Miniaturization of optical components is a challenge in photonics. Researchers of Karlsruhe Institute of Technology (KIT) and Friedrich Schiller University of Jena have now succeeded in developing a diffuser, a disk that scatters light, based on silicon nanoparticles. It can be used to specifically control the direction, color, and polarization of light. This novel technology may be used in transparent screens or augmented reality.
Photonics, the science of generating, propagating, and detecting light, is considered the major driver in developing technologies for the 21st century. The challenge consists in miniaturizing conventional optical elements, such as lenses, mirrors, prisms, or diffusers, and enhancing their performance with features only accessible in the realm of nanophotonics. This leads to new applications, such as miniaturized sensors in autonomous vehicles or integrated photonic quantum computers.
Diffusers are disks that scatter incident light in all directions with the help of small scattering centers. To overcome the bulkiness of conventional optical diffusers, researchers of KIT and Friedrich Schiller University of Jena applied a layer of specifically designed silicon nanoparticles to a substrate and arranged the particles in a disordered, but carefully planned manner. These nanoparticles are a hundred times thinner than a human hair and interact with certain, adjustable wavelengths of light. The direction, color, and polarization of light can be controlled specifically with these metasurfaces.

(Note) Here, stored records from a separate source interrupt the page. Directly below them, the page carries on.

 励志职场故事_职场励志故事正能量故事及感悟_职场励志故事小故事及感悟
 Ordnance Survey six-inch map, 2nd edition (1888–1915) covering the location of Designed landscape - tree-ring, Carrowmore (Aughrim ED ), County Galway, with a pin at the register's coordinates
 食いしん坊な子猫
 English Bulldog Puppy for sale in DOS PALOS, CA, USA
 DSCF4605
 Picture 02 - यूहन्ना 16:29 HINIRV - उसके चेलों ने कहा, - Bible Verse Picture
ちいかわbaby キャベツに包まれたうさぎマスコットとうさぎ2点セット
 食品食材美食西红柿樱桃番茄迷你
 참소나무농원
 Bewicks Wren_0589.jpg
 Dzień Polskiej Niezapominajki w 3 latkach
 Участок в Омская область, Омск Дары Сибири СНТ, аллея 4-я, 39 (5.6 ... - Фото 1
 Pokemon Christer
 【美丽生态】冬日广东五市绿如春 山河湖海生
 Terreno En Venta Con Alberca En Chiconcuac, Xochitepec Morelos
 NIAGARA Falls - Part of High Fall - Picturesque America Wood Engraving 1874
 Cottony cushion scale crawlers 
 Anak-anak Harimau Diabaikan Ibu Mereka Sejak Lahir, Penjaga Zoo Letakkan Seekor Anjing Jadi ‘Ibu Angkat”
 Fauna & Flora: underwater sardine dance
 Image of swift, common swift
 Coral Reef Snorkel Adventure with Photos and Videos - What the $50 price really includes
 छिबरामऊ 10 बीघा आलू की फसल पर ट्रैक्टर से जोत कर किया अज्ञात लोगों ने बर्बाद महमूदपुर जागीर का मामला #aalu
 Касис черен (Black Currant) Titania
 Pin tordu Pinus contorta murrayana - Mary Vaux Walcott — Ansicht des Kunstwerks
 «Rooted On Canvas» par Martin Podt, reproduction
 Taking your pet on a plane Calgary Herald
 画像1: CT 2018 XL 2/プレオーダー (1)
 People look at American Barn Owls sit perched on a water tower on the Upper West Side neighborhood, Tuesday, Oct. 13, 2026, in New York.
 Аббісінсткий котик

The team of researchers faced two fundamental questions: “To what an extent can we make the optical diffuser smaller and what must the disorder in the arrangement of the nanoparticles be like?,” says Aso Rahimzadegan, doctoral researcher of KIT and one of the two main authors of the study. “Remarkably, we found a sweet spot for the amount of disorder that leads to perfect diffusion.“
Dennis Arslan, doctoral researcher of Jena University and second main author, explains: “We fabricated metasurface diffusers which appeared to be equally bright from all directions when looked at with the naked eye. The remarkable aspect is that this happens in a layer that is 0.2 micrometers in thickness only. The diffusers scatter light of a specific color and let other wavelengths pass undisturbed.”
Such property is useful in scientific applications, but also consumer devices, such as transparent screens that can be viewed from both sides, holographic projectors, or augmented reality headsets profit from it. Combination of experimental and theoretical expertise from both partners made it possible to provide answers to these challenging scientific questions.